Jami: I think it’s weird because it’s definitely given some bands a confidence boost but also our confidence makes other bands mad all the time. Like we have a lot of bands who don’t like us because we’re so confident with ourselves. But they can’t really point to one thing they actually dislike. I’ve never torn down a band from our world or said we were better than a band from our world. So I think people misinterpret having self confidence and believing in yourself. Telling this bigger world that we’re here. We’re trying to prop our world up and sick of people misunderstanding that.

Do you think people mistake confidence for arrogance then? 

Jami: We’re just proud of what we’re doing and these people can’t actually point to anything we’ve done that’s arrogant. They say that, bands say it too and they’ll say it behind our back. I don’t give a fuck, fuck them. The bands I’m friends with know I support the shit out of them and I do a lot to support them. We’re gonna keep doing that.

This sort of links back to what you were saying about playing stuff like Outbreak Fest earlier. You’re giving back to that scene that you came from. 

Jami: Yeah exactly, we wanna do it. And if it goes well and the kids like it we’ll keep doing shit like that. If it doesn’t and no one turns up then we’ll stop. As long as people still show up and are still supporting then we’ll always be there.

So just to move onto to something a bit different. A little while back you released Only One Way, was this done as just a standalone experiment or do you feel like this is the sort of direction your sound is going to move in for future releases?

Jami: I think it’s gonna be a real mix.

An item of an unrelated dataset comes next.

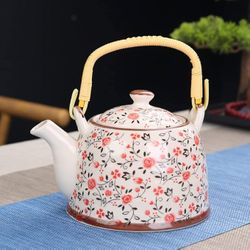 NEW Roses Porcelain Teapot with Bamboo Handle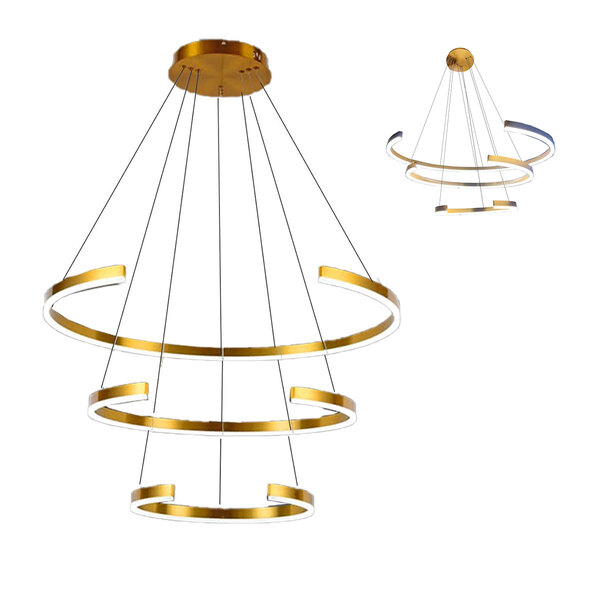 Lustre Pendente Luminaria Arco Aneis 94w Perfil Dourado Sala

I wanna put stuff out in that lane, but I still wanna do full albums and have it all synch up. People will see, I’ve got a plan for it all.

The song leans heavily on the industrial elements you really introduced in Forever, was that just what you wanted to do at that time?

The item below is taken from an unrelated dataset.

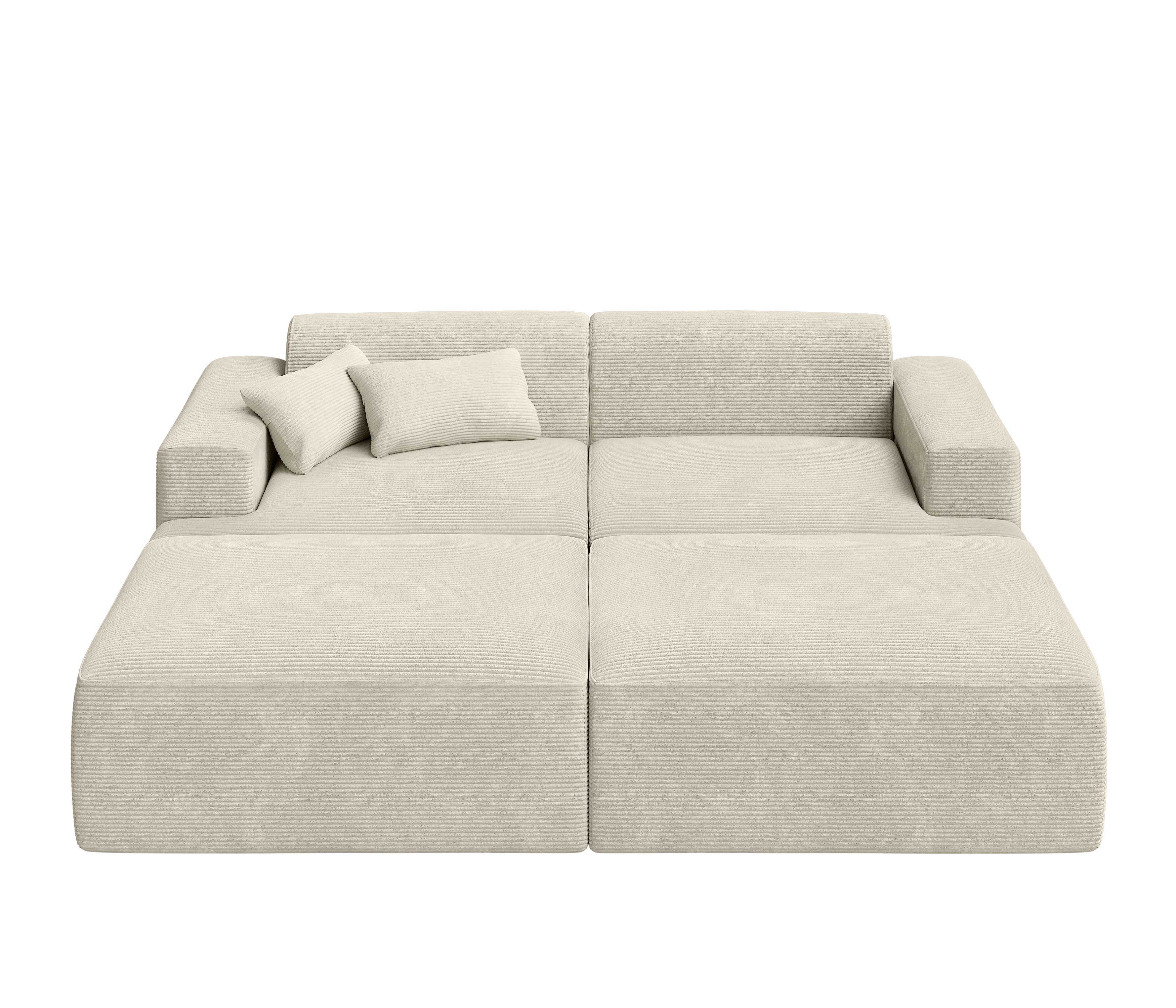 skølm Sofa Freki aus Cord, Vollschaumcouch mit Federkern und Vakuum-Kompression, Beige, Couch 2 Sitzer, 2 Kissen, kein Aufbau erforderlich, 230 cm breit, gepolstert, vakuumiert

Jami: Yeah exactly that’s just the song we wanted to release. And it’s still got hard parts in it anyway. It’s got hard riffs, there’s not necessarily a mosh part but there’s hard shit in there. We’re still gonna do hard shit, we’re gonna write all different kinds of songs. If people are gonna sit there and now think every song we’re gonna release is gonna sound like that, like how dumb are they. Actually not how dumb are they that’s a bit much, but I mean they must not be listening to our albums properly. Our albums have got all kinds of shit. So clearly that’s one lane we went down. We wanted to make like a groovy kind of rock song. There’s a little bit of Type-O in there, little bit of Alice but all that going through the grinder of the crazy Code Orange process. And I think we succeeded in that. I love the song and I think we’re gonna rock the song live. We’ve got all kinds of songs coming, anyone who’s an actual fan will clearly get that.

Yeah there’s never been been like one particular sound for you. Like I wouldn’t be shocked if your next songs was way heavier and filled with mosh parts.

Jami: Yeah I mean I don’t think we’d ever just do a straight up this is just a song filled with mosh parts cos it’s fucking watered down and sucks. Will we do insane songs with crazy mosh parts, absolutely but we never did straight up hardcore songs. I mean there’s stuff on I Am King that were a bit like that but still had weird shit going on, we just weren’t as good at it then.

So I guess just to wrap up, what else does the near future hold for you guys?

Jami: We got a lot of stuff. I can’t really say what, when and where but I mean when we get off tour we work on new material. And then we get straight back on tour, we don’t take time off.

Great, well that’s everything then, thanks so much

Jami: Dude thank you.

Code Orange will next return to the UK as part of Outbreak Festival in Leeds on the 16th – 17th of June 2018.